[JURIST] The US Supreme Court [official website; JURIST news archive] handed down five decisions Thursday, including MetLife v. Glenn [Duke Law backgrounder; JURIST report], in which the Court ruled 6-3 that an employee benefit plan administrator has an illegal conflict of interest under the Employee Retirement Income Security Act [text; US DOL backgrounder] if he has both the authority to pay benefits and to determine employees' eligibility for benefits. The Court found:
In such instances, any one factor will act as a tiebreaker when the other factors are closely balanced, the degree of closeness necessary depending upon the tiebreaking factor's inherent or case-specific importance. The conflict of interest at issue here, for example, should prove more important (perhaps of great importance) where circumstances suggest a higher likelihood that it affected the benefits decision, including, but not limited to, cases where an insurance company administrator has a history of biased claims administration.The decision upholds a US Court of Appeals for the Sixth Circuit ruling [PDF text]. Read the Court's opinion per Justice Breyer, a dissent filed by Justice Scalia, a concurrence by Chief Justice Roberts, and a dissent and concurrence in part [texts] by Justice Kennedy. AP has more.
The Court also ruled 5-4 in Kentucky Retirement Systems v. EEOC [Duke Law backgrounder; JURIST report], finding that the use of age as a factor in a retirement plan is not facially discriminatory and does not violate the Age Discrimination in Employment Act (ADEA) [text]. The Equal Employment Opportunity Commission [official website] brought suit against a number of Kentucky state agencies who administer the state retirement program because it distinguishes among recipients based on age. The Court found that the process was not discriminatory:
The Plan's "assumptions" that no disabled worker would have continued to work beyond the point at which he was both disabled and pension eligible do not involve age-related stereotypes, but apply equally to all workers regardless of age.The decision reverses a ruling [PDF text] by the US Court of Appeals for the Sixth Circuit. Read the Court's opinion per Justice Breyer, and a dissent [texts] filed by Justice Kennedy. AP has more.
In Indiana v. Edwards [Duke Law backgrounder; JURIST report], the Court ruled 7-2 that states may adopt a higher standard for measuring competency to represent oneself at trial than for measuring competency to stand trial. The Court found:
[T]he Constitution permits judges to take realistic account of the particular defendants mental capacities by asking whether a defendant who seeks to conduct his own defense at trial is mentally competent to do so.The ruling reverses and remands an Indiana Supreme Court decision [opinion, PDF] that a court which found a schizophrenic defendant competent to stand trial could not subsequently deny that defendant the right to represent himself under the Sixth Amendment [text]. Read the Court's opinion per Justice Breyer and a dissent [texts] filed by Justice Scalia. AP has more.

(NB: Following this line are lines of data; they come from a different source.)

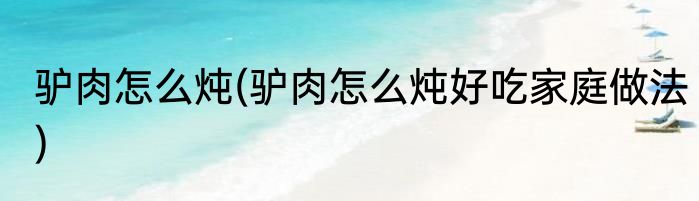 驴肉怎么炖(驴肉怎么炖好吃家庭做法)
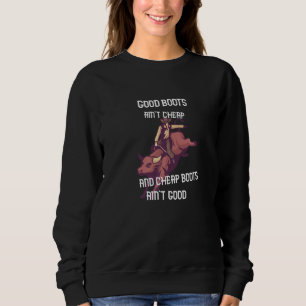 Good Boots Ain't Cheap And Cheap Boots Ain't Good Sweatshirt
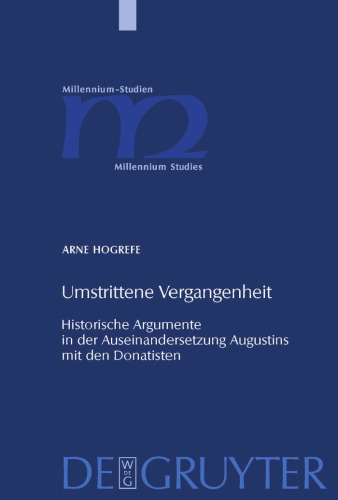 Umstrittene Vergangenheit : Historische Argumente in der Auseinandersetzung Augustins mit den Donatisten (Millennium-Studien zu Kultur und Geschichte des ersten Jahrtausends n. Chr., Band 24)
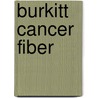 Burkitt Cancer Fiber by Ethel R. Nelson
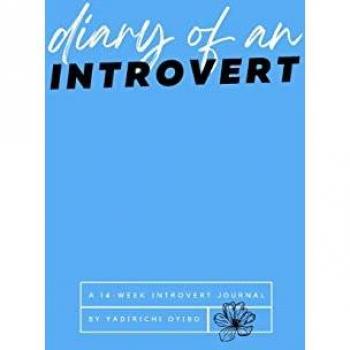 Diary Of An Introvert: A 14-Week Introvert Journal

In Meacham v. Knolls Atomic Power Laboratory [Duke Law backgrounder; JURIST report], the Court ruled 8-1 that an employer has the burden of proof in an age discrimination case where a worker says he was fired for no valid reason. The Court found that Congress had intended that the ADEA require employers to show that workers were dismissed for reasonable factors other than age and explained that "we have to read it the way Congress wrote it." The ruling reverses and remands a US Court of Appeals for the Second Circuit holding [PDF text] that the burden of proof rests on the worker. Read the Court's opinion per Justice Souter, a concurrence filed by Justice Scalia, and a concurrence and dissent in part [texts] filed by Justice Thomas. Justice Breyer did not take part in the judgment. AP has more.
In Chamber of Commerce v. Brown [Duke Law backgrounder; JURIST report], the Court ruled 7-2 that a 2000 California law [Assembly Bill 1889 text] that prohibits employers from using certain funds they receive from the state to influence union elections is unconstitutional. In 2006, the US Court of Appeals for the Ninth Circuit upheld [PDF text] the California law, ruling that it was neither preempted by the National Labor Relations Act [text] nor rendered unenforceable by the US Constitution's Supremacy Clause. The Court reversed and remanded that decision Thursday, holding that the law "imposes a targeted negative restriction on employer speech about unionization." Read the Court's opinion per Justice Stevens and a dissent [texts] filed by Justice Breyer. AP has more.